Laoise explains why Healthy plays like a love song despite its personal meaning: “I’ve been in a really healthy relationship for the last couple of years and I wanted to touch on that in, ‘If I’ve been in that relationship for a while, why am I not in that relationship with myself yet?’

“Maybe everyone’s not in therapy at the moment, maybe not everyone’s on the exact same journey as I am but I can write it into a song that’s quite palatable but still makes sense to me and my life at the same time.”
Laoise grew up surrounded by traditional music. Having learnt to play the fiddle at the age of 5, she would regularly attend traditional Irish sessions at her local pub, and it was seeing what music could create that made her want to pursue it as a career.

“I would be sitting in trad sessions and someone would sing a song and then I was like, ‘Ohhh, that’s cool’. Because everyone would just go quiet. You know when you’re in a pub and you start hearing the ‘ssshhh’ that travels all the way to the back of the pub and you realise it’s because somebody’s about to sing. I just always thought that was so cool: ‘Wow, we’re all gonna pause for this voice’. That’s so spectacular. We’re all just, ‘Wow, we need to hear this voice’.
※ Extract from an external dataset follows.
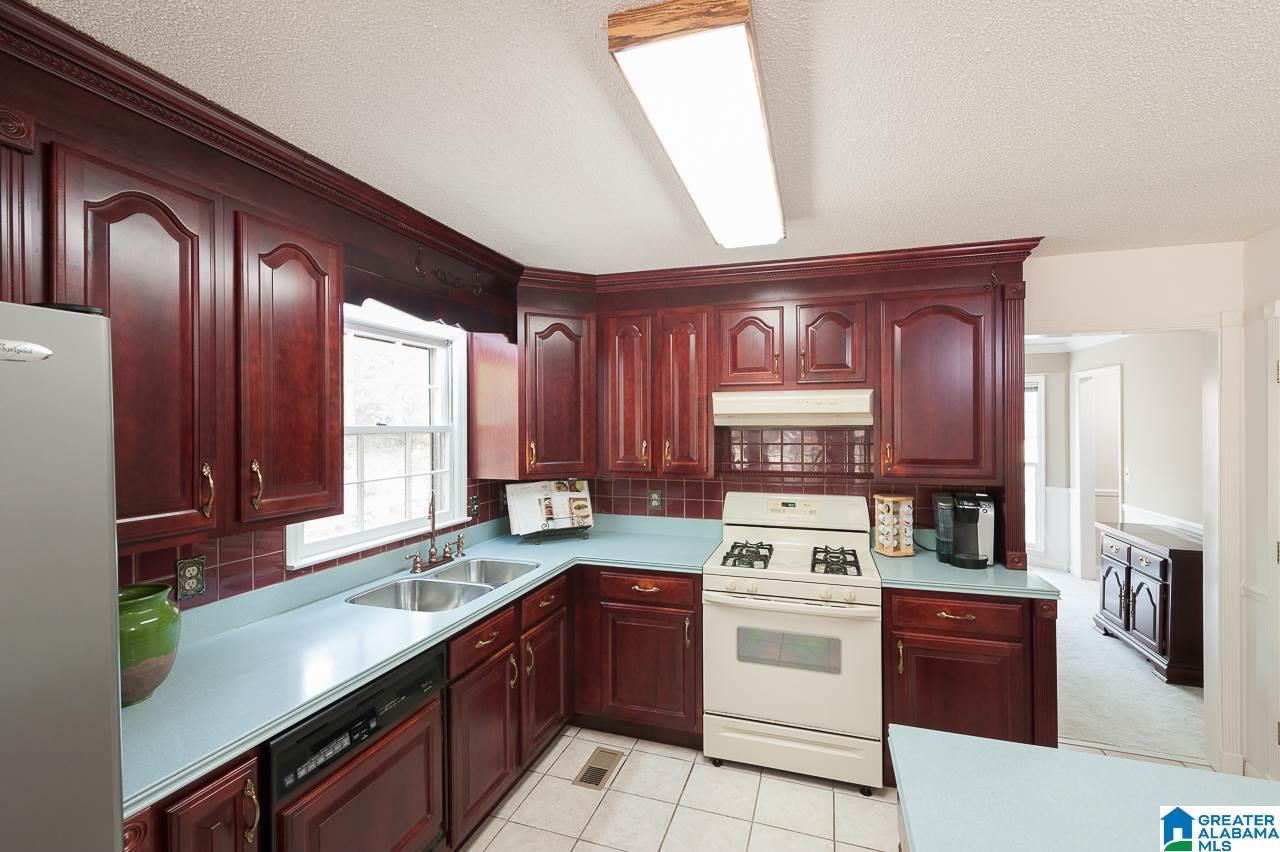 1339 Sequoia Trail Alabaster, AL 35007 - Photo 18 of 39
“I think that was a big lightbulb moment: ‘I really want to do that as well’. It took me a while to start doing this but once I did I just couldn’t stop.”

Coming from a family of musicians, music was a big part of Laoise’s life from very early on.
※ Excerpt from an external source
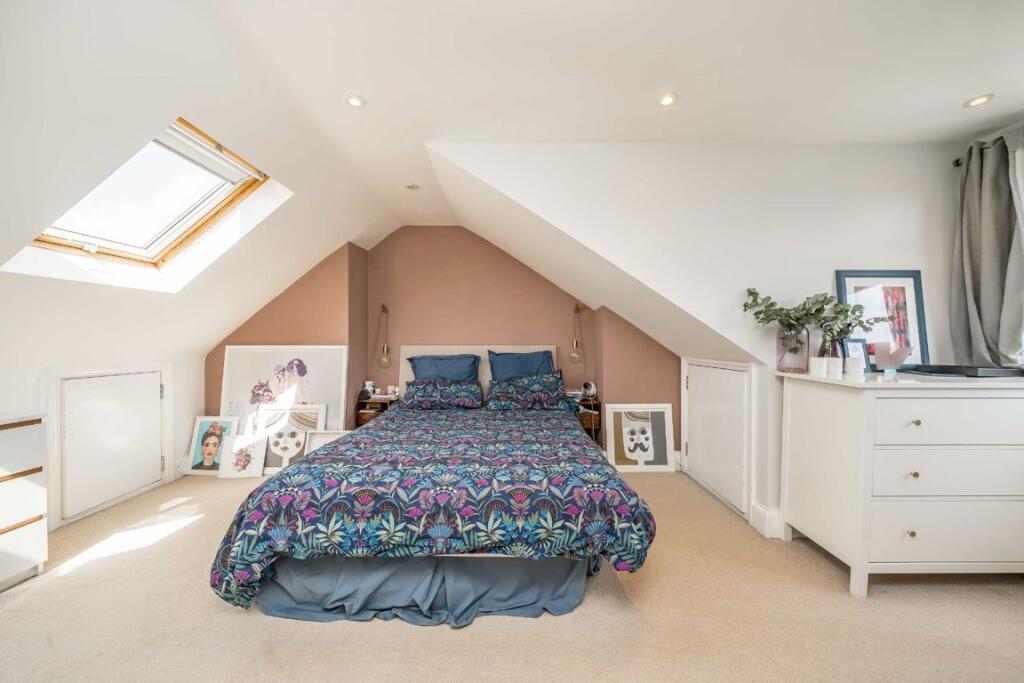 Woodlands Avenue, Finchley - View 6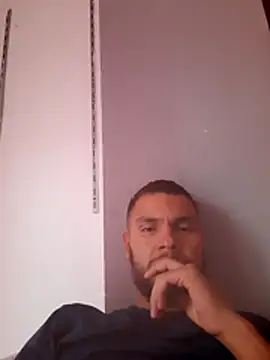 Chofle1 online show from 05/02/26, 02:44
“I have such vivid memories of looking at the Fleetwood Mac Rumours album cover when I was five and my dad telling me the stories between all of them: ‘She went off with him and then they were together and they wrote the whole album while all of this was happening’.


“I thought that was so cool and I remember him showing me Kate Bush as well. When Kate Bush came onto the scene him and all of his friends were like, ‘Who is this?’ I just love somebody that just captures your attention like that. Both Stevie and Kate are so theatrical but they can make something so mundane seem like the biggest deal.”

It would be as a teenager that Laoise would start recording her own music.

“I worked one summer and I saved up enough money to buy a microphone and a little interface. I had a really old laptop that made a lot of noise so in the background of all these songs I was recording there was a hummm because the laptop couldn’t keep up.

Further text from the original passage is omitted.